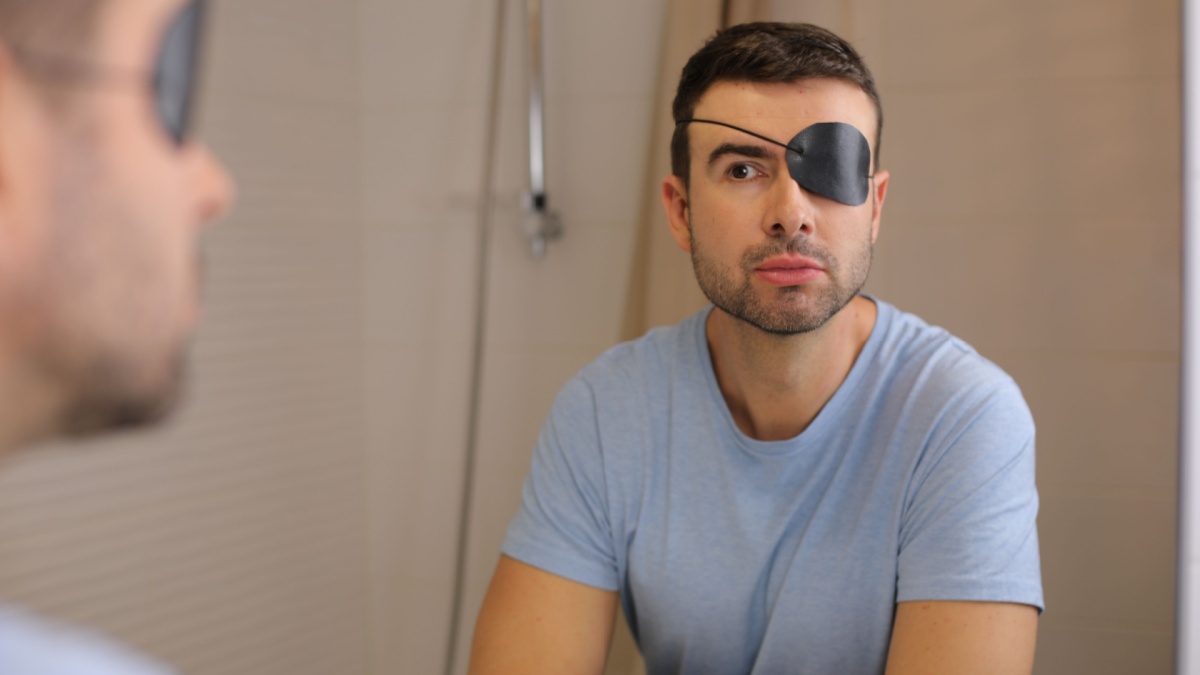 Man wearing a black eyepatch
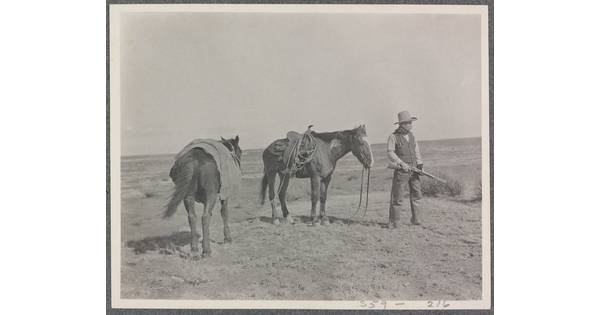 A black-and-white photograph of two saddled horses and a man, holding a rifle, standing on a grassy plain.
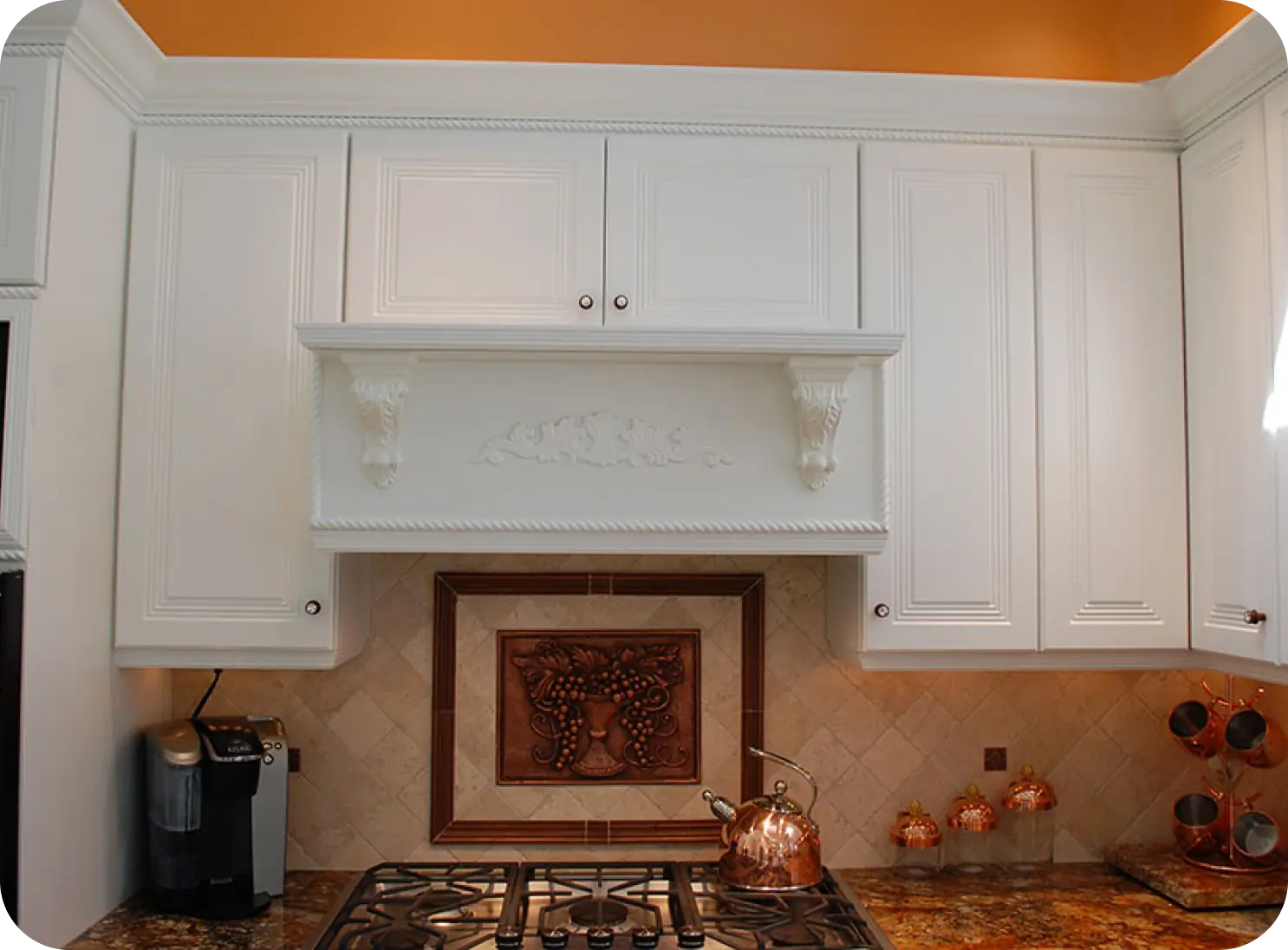 A white kitchen cabinet set with decorative molding above a stovetop. A detailed backsplash features a fruit design. Copper kettles and a holder are on the granite counter.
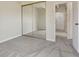 Bedroom featuring soft gray carpet and a mirrored closet at 130 N Pearl St # 1103, Denver, CO 80203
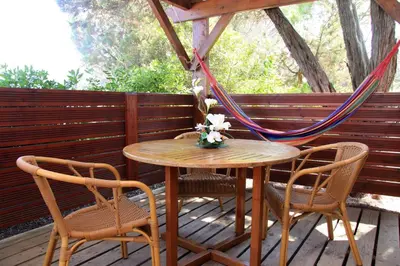 a wooden table and chairs on a deck with a hammock at Résidence Mobydick in Porto-Vecchio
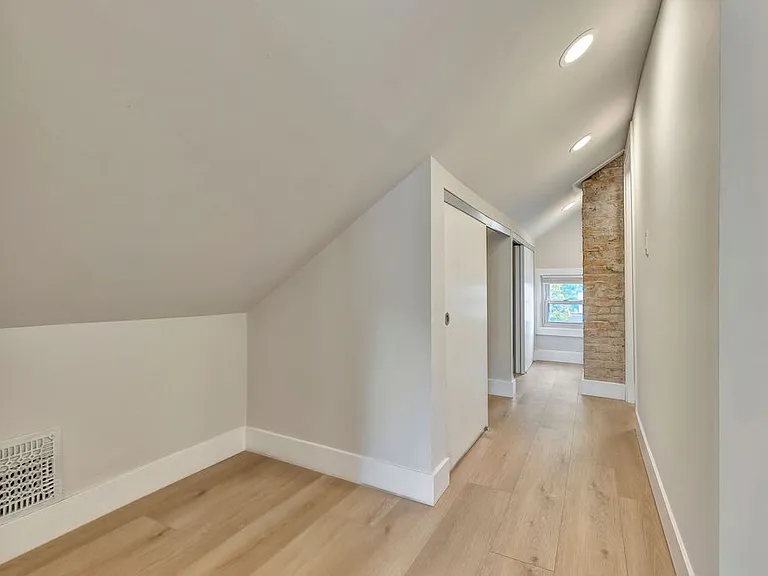There are two large closets in this space and exposed brick to the bath entrance.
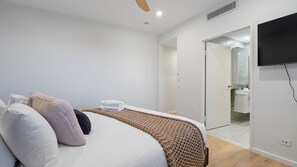Ein Schlafzimmer mit einem Bett, Kissen, einer Decke, einem Fernseher und einem durch eine offene Tür einsehbaren Badezimmer.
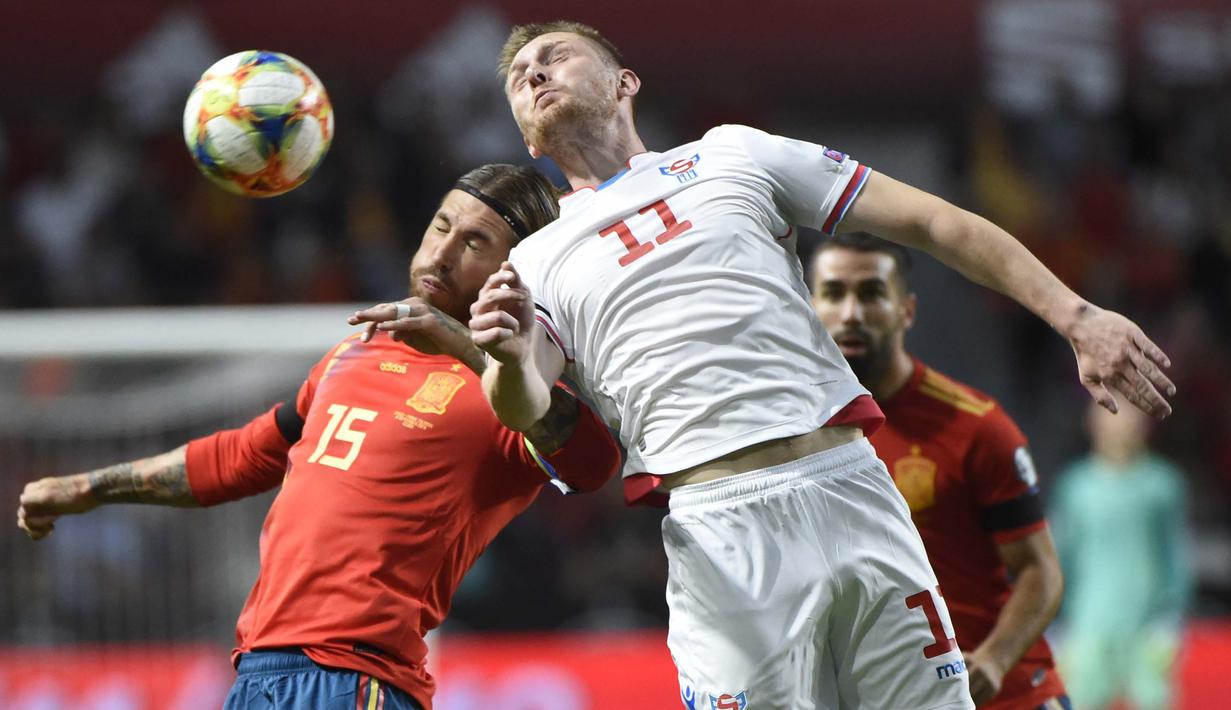 Bek Spanyol, Sergio Ramos, duel udara dengan striker Kepulauan Faroe, Klaemint Olsen, pada laga Kualifikasi Piala Eropa 2020 di Stadion El Molinon, Gijon, Minggu (8/9). Spanyol menang 4-0 atas Kepulauan Faroe. (AFP/Miguel Riopa)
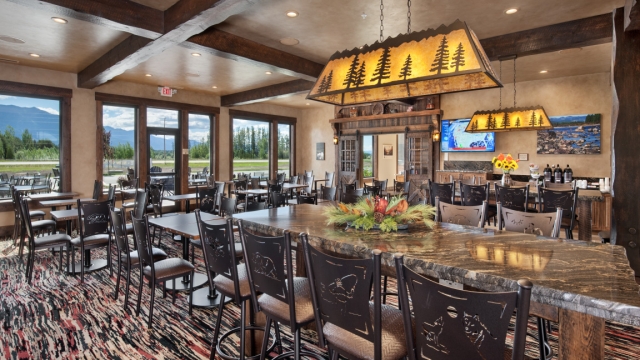 Interior, horizontal, breakfast room looking toward servery and windows with mountain view, Country Inns & Suites, Kalispell, Montana; Greg Bain & Company kalispell builder country inn dining area
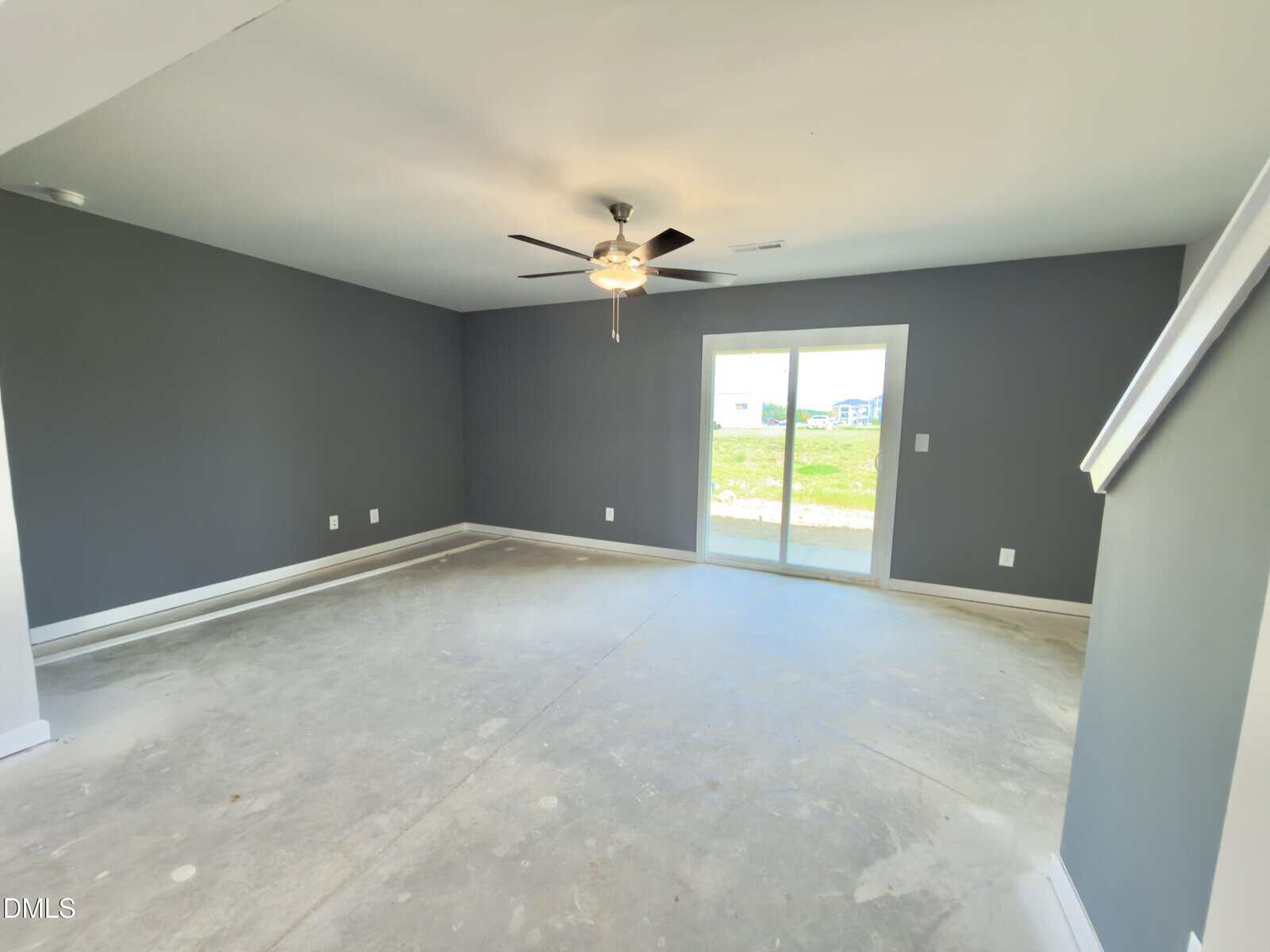 Empty room with gray walls, white trim, and concrete floor. A ceiling fan with lights is centered on the ceiling. Sunlight comes through glass sliding doors that open to a grassy outdoor area. Stairs are partially visible on the right.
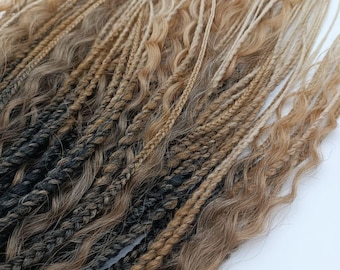 May include: Close-up of various shades of brown and black synthetic hair extensions. The extensions include braids and wavy strands, with a gradient effect from dark to light.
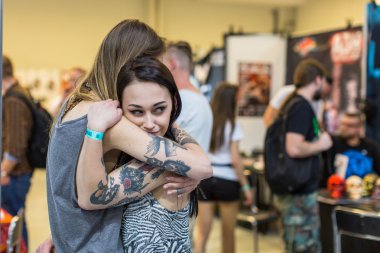 Unidentified participants at International Tattoo Convention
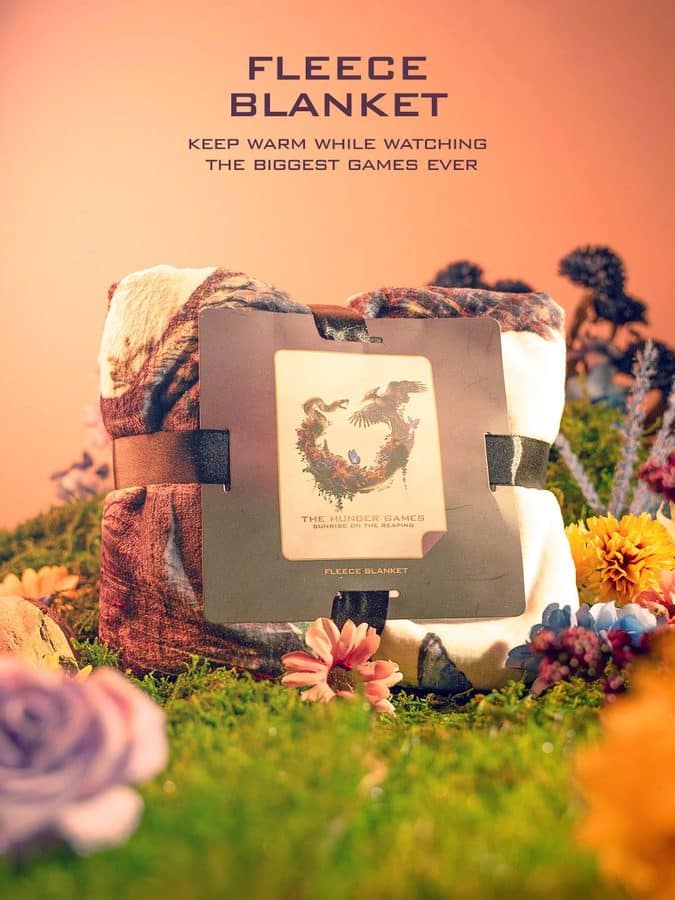 Fleece blanket folded on a pedestal with a Hunger Games label placed in a colorful garden scene at sunset promoting warmth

•••••

Quote the material word for word, dropping any images it holds.

 Man wearing a black eyepatch
 A black-and-white photograph of two saddled horses and a man, holding a rifle, standing on a grassy plain.
 A white kitchen cabinet set with decorative molding above a stovetop. A detailed backsplash features a fruit design. Copper kettles and a holder are on the granite counter.
 Bedroom featuring soft gray carpet and a mirrored closet at 130 N Pearl St # 1103, Denver, CO 80203
 a wooden table and chairs on a deck with a hammock at Résidence Mobydick in Porto-Vecchio
There are two large closets in this space and exposed brick to the bath entrance.
Ein Schlafzimmer mit einem Bett, Kissen, einer Decke, einem Fernseher und einem durch eine offene Tür einsehbaren Badezimmer.
 Bek Spanyol, Sergio Ramos, duel udara dengan striker Kepulauan Faroe, Klaemint Olsen, pada laga Kualifikasi Piala Eropa 2020 di Stadion El Molinon, Gijon, Minggu (8/9). Spanyol menang 4-0 atas Kepulauan Faroe. (AFP/Miguel Riopa)
 Interior, horizontal, breakfast room looking toward servery and windows with mountain view, Country Inns & Suites, Kalispell, Montana; Greg Bain & Company kalispell builder country inn dining area
 Empty room with gray walls, white trim, and concrete floor. A ceiling fan with lights is centered on the ceiling. Sunlight comes through glass sliding doors that open to a grassy outdoor area. Stairs are partially visible on the right.
 May include: Close-up of various shades of brown and black synthetic hair extensions. The extensions include braids and wavy strands, with a gradient effect from dark to light.
 Unidentified participants at International Tattoo Convention
 Fleece blanket folded on a pedestal with a Hunger Games label placed in a colorful garden scene at sunset promoting warmth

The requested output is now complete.